The chapter builds on fieldwork conducted in rural Mozambique on community mobilisation against insurgent violence during the country’s civil war (1976-1992) to reflect upon some of the unintended consequences of fieldwork in polarised societies. It focuses on the ways in which the autonomy of both the researcher and the researched may be affected during the research process. In analysing the simultaneous empowerment and disempowerment of research participants, the chapter discusses the challenges raised around issues of power and neutrality during fieldwork and suggests that conflict research needs to be understood as a form of intervention in local affairs.


Author(s):  
Sinéad Walsh

This chapter discusses the politics and practice of empathy in peace research. Based on ethnographic fieldwork in Armenia and Azerbaijan, it shows how empathetic research relations impacted the methodological design for a study of women's nongovernmental organisations and peacebuilding. Although developing friendships with some participants led to important insights and broadened the scope of the research, there were ethical risks associated with power relations and emotionally and politically sensitive information. Drawing on feminist methodologies, the chapter argues for reflexivity as a way of navigating relationships responsibly and making sense of the researcher's changing subjective position. On leaving the field, reflexivity is required in order to analyse and represent information ethically, and to understand the implications of power and empathy in the politics of knowledge production.


Author(s):  
Meike de Goede ◽  
Inge Ligtvoet

This chapter focuses on the impact of flows of information through information and communication technologies (ICTs) on the decision-making processes for researchers working in instable, volatile regions. Drawing on the authors’ experiences in Nigeria and Congo-Brazzaville, the paper argues that while ICTs have become important tools for research, they also create new dilemmas for the researcher. These dilemmas emerge from the interface between us as researchers, and constant flows of information about insecurity in our fields that reach us via social media. Paradoxically, in an information rich world, a lack of information can also create such dilemmas. Flows of information – or the lack thereof – are not only data, but also affect us on an emotional level.
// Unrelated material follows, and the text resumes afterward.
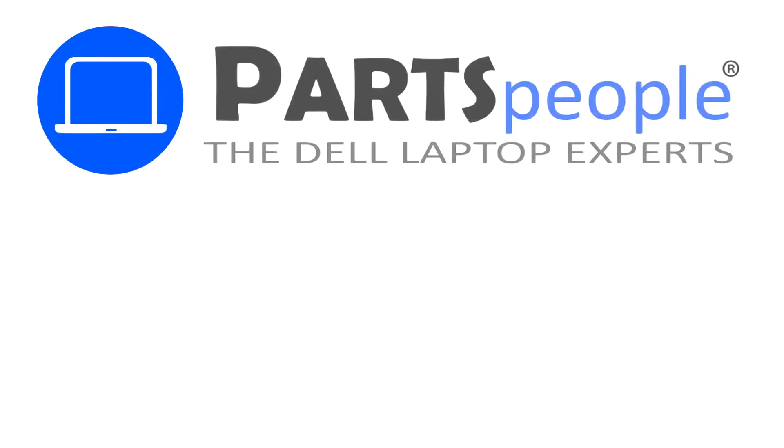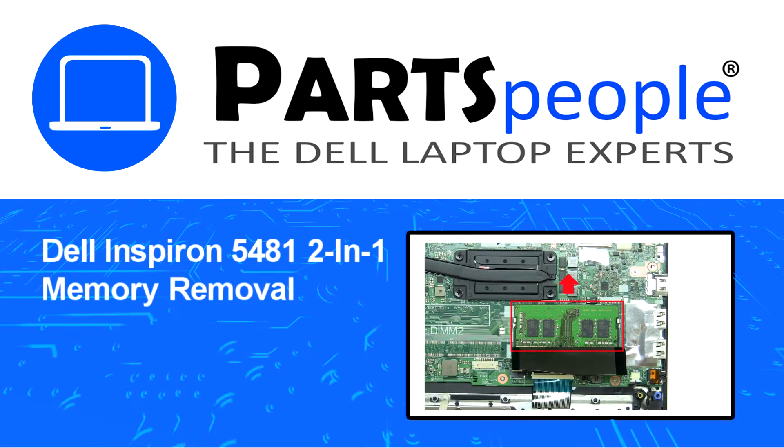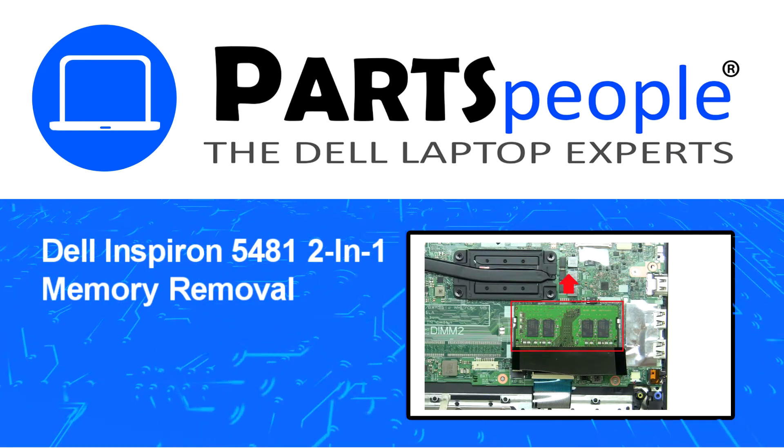Hey, what's up, this is Ricardo at Parts People. In this video we'll outline the steps for completing a part replacement on your Dell PC.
As such new subjective fields of insecurity emerge for the researcher that produce emotional responses such as anger or disorientation, and that in turn inform decision-making processes, such as an inclination for deeper engagement, or to disengage.


Author(s):  
Fabio Cristiano

This chapter explores how violence unfolds in the context of cyberwar. It does so through a theoretical analysis of understanding the body that transcends corporeality. It reflects on the implications this entails for the production of knowledge on this phenomenon. This chapter suggests rethinking cyberwar in view of violence as an experience that discloses through the interplay between embodied proximity and distance, rather than corporeality. Drawing on the author’s research experience on Palestinian cyberwar, an understanding of violence is reconciled with its implications for the study of war in cyberspace, at often times considered as a disembodied, and thus non-violent, warscape.


Author(s):  
Althea-Maria Rivas

This vignette explore the ways in which race and gender can influence the research process, the experience of the researcher, and the perceptions of the research participants and communities through short narratives on fieldwork conducted in Afghanistan and Burundi. It ends with a few reflections on the need for more discussion within academic circles about intersectionality and research praxis.